The best way to keep clean is to bathe or shower every day using a mild soap and
warm water. This will help wash away any bacteria that contribute to the smells. Wearing
clean clothes, socks, and underwear each day can also help you to feel clean. If you
sweat a lot, you might find that shirts, T-shirts, socks, and underwear made from
cotton or other natural materials will help absorb sweat more effectively.
If you're concerned about the way your underarms smell, you can try using a deodorant
or deodorant with antiperspirant. Deodorants get rid of the odor of sweat by covering
it up, and antiperspirants actually stop or dry up perspiration. They come in sticks,
roll-ons, gels, sprays, and creams and are available at any drugstore or supermarket.
All brands are similar (and ones that say they're made for a man or for a woman are
similar, too, except for some perfumes that are added).

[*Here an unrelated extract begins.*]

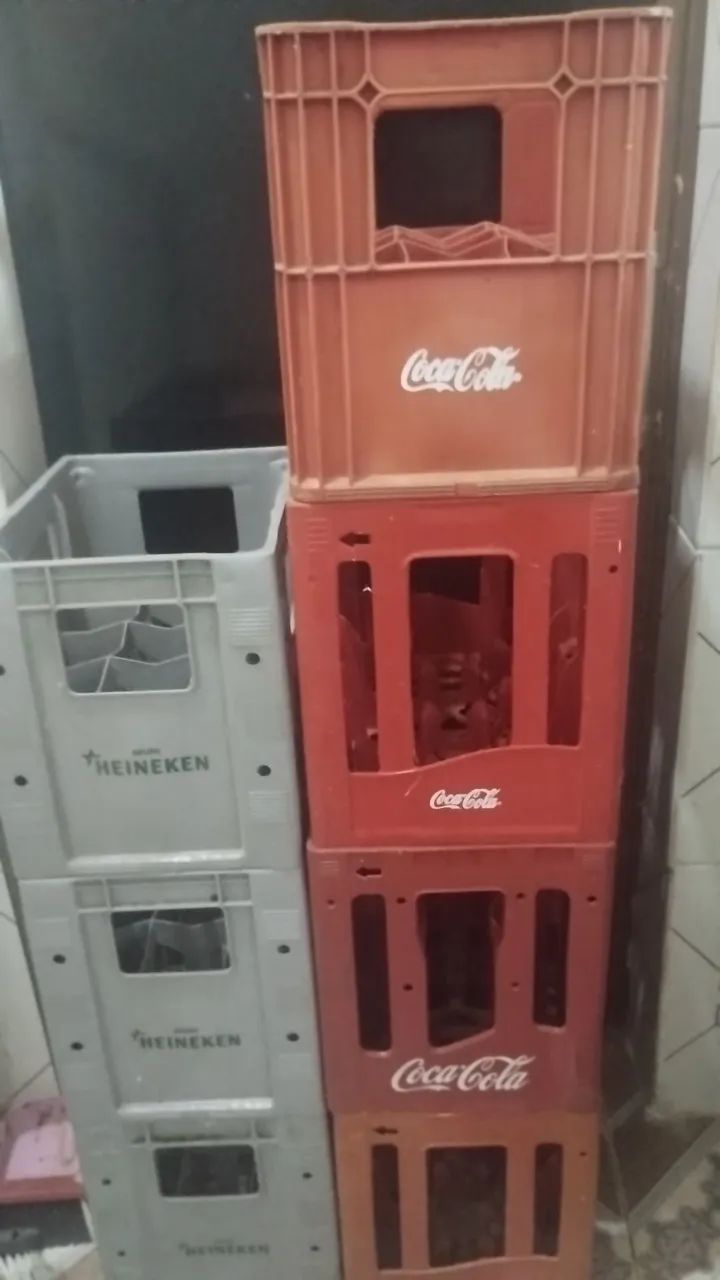 7 Caixas de litrão e coca cola retornável vazia  - Foto 3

If you choose to use deodorant or antiperspirant, be sure to read the directions.
Some work better if you use them at night, whereas others recommend that you put them
on in the morning. But keep in mind that some teens don't need deodorants or antiperspirants.
So why use them if you don't have to? Deodorant and antiperspirant commercials may
try to convince you that you'll have no friends or dates if you don't use their product,
but if you don't think you smell and you take daily baths or showers and wear clean
clothes, you may be fine without them.
Body hair in new places is something you can count on — again, it's hormones
in action. You may want to start shaving some places where body hair grows, but whether
you do is up to you. Some guys who grow facial hair like to let it develop into a
mustache and beard. Some girls may decide to leave the hair on their legs and under
their arms as is. It's all up to you and what you feel comfortable with.

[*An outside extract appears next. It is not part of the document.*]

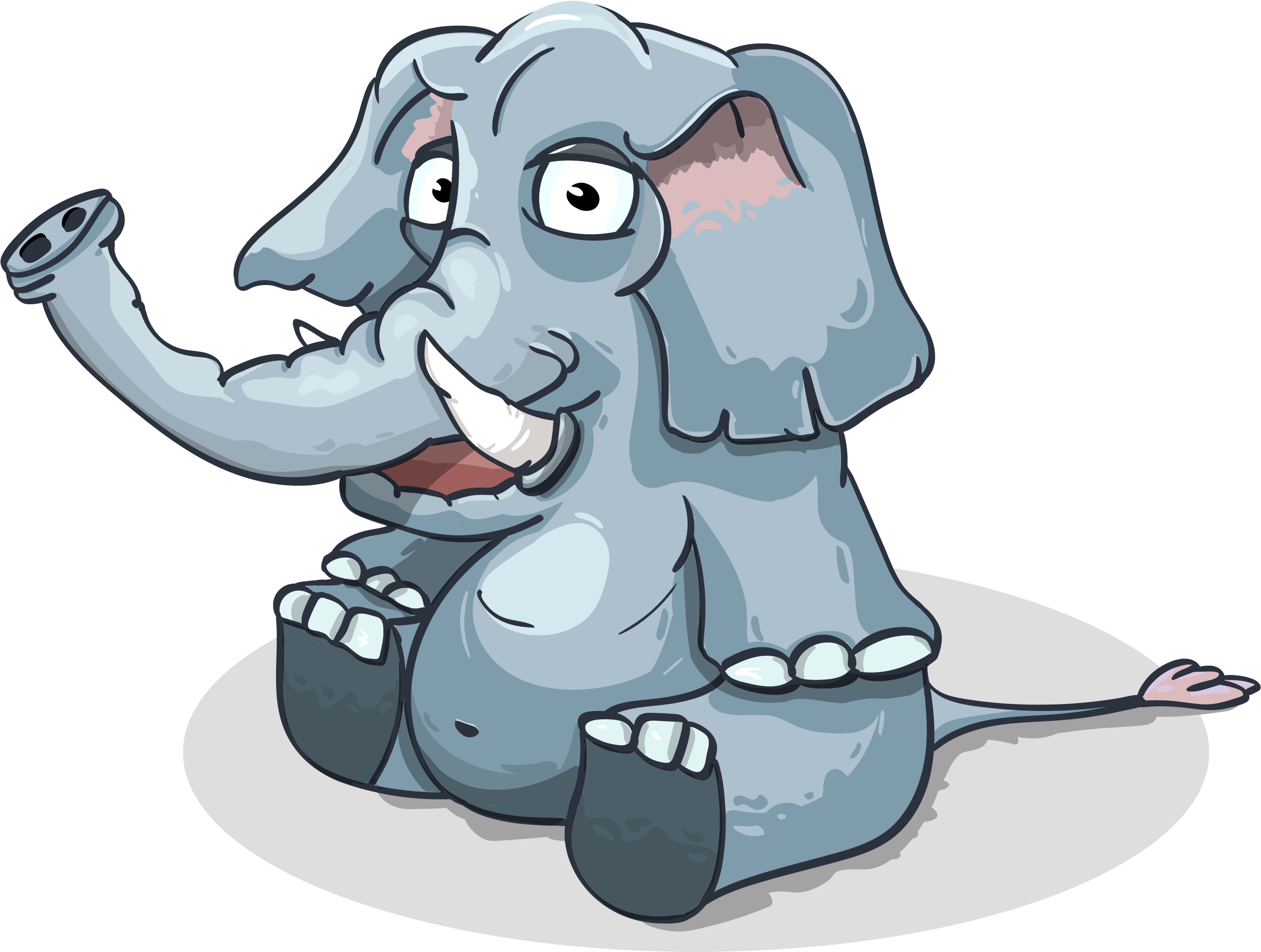 Cute In Free Vectors For Download - Indian Elephant Clipart (3000x2374), Png Download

If you do decide to shave, whether you're a guy or girl, you have a few different
choices. You can use a traditional razor with a shaving cream or gel or you can use
an electric razor. If you use a regular razor, make sure the blade is new and sharp
to prevent cuts and nicks. Shaving cream and gel are often a better bet than soap
because they make it easier to pull the razor against your skin. Some of the newer
razors contain shaving gel right in the blade area, making even beginners feel comfortable
Whether you're shaving your legs, armpits, or face, go slowly. These are tricky
areas of your body with lots of curves and angles, and it's easy to cut yourself if
you move too fast. An adult or older sibling can be a big help when you're learning
to shave. Don't be afraid to ask for tips.

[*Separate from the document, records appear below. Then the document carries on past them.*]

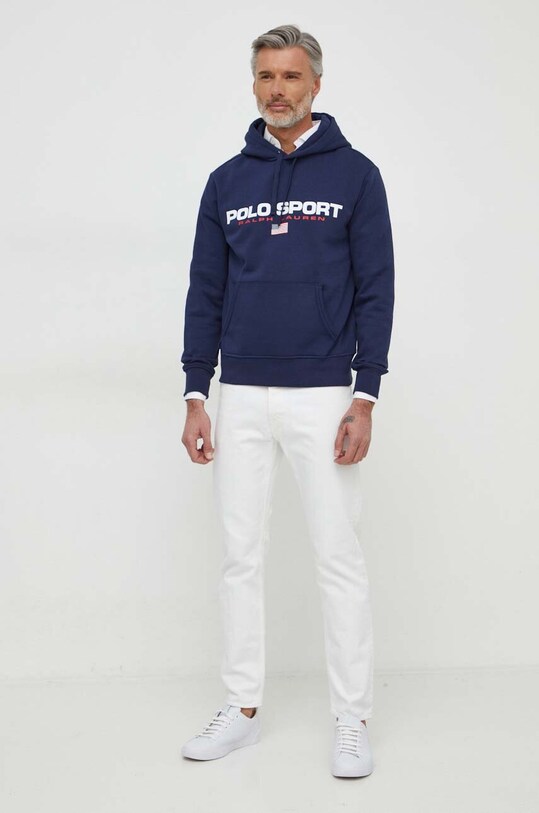 Dukserica Polo Ralph Lauren 710938447 plava SS25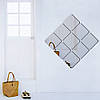 1шт Дзеркальні наклейки на стіну 15x15 см, Квадрат / Дзеркальний декор / Акрилове дзеркало / Дзеркальна мозайка, фото 5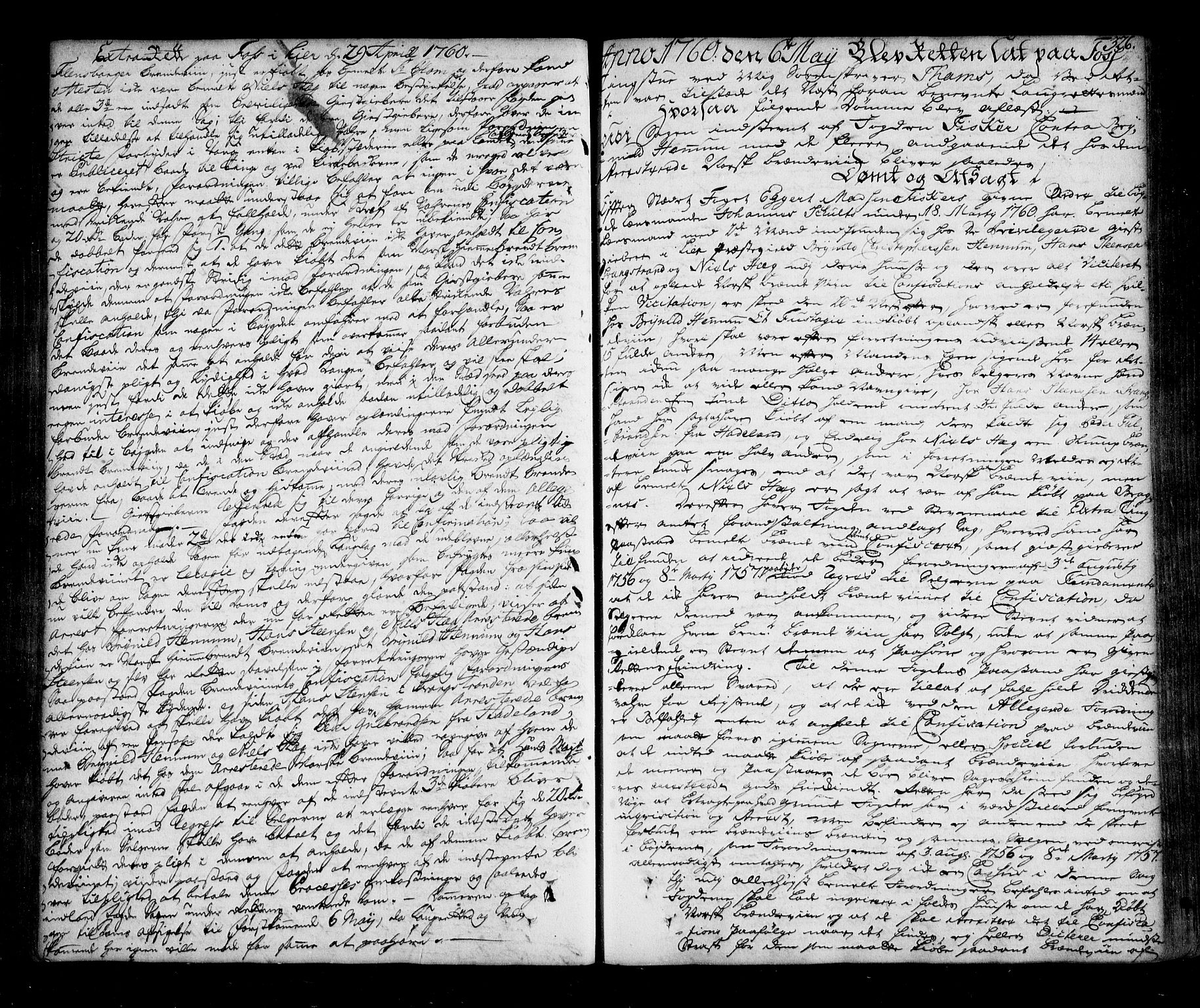 Lier, Røyken og Hurum sorenskriveri, AV/SAKO-A-89/F/Fa/L0053: Tingbok, 1755-1761, p. 326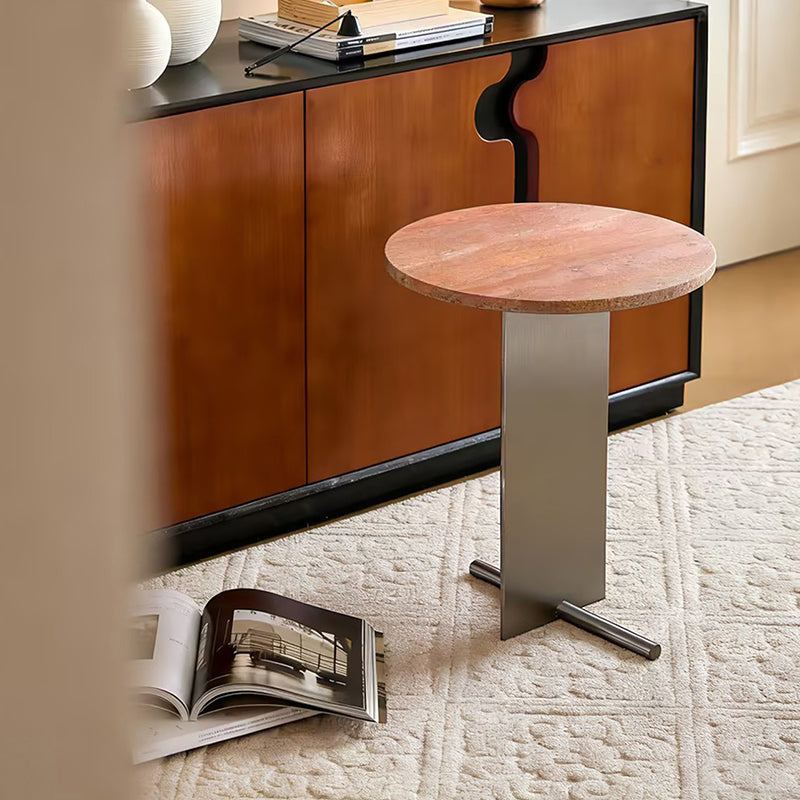 Terra Travertine Side Table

You might want to avoid shaving your pubic hair because when it grows back in,
the skin may be irritated and itchy. Also, guys may think twice about shaving their
chests, and girls should avoid shaving their faces because the stubble that grows
back will look prickly and thicker, forcing you to shave over and over.
If you're a girl and you're worried about hairs on your upper lip, step back from
the mirror and you may see that the hair everyone really sees is probably not as bad
as you think.
If you do decide you want to get rid of unwanted facial hair, research the options
and ask an adult or older sibling for advice. Many products are made for facial hair
— everything from bleach that lessens its appearance to hair removers that are
specially made for hair on the face. And some new oil-free facial moisturizers on
the market contain substances to make facial hair softer and less visible. You may
want to try one before you opt for bleaching or hair removal.
In the rare case where a girl's facial hair growth is enough to cause anxiety,
a dermatologist or skin specialist can use permanent removal techniques such as electrolysis.
In some cases, excess hair growth in girls can be a sign of a medical condition, like
polycystic ovary syndrome. If you're
a girl who is worried about hair growth, talk to your doctor.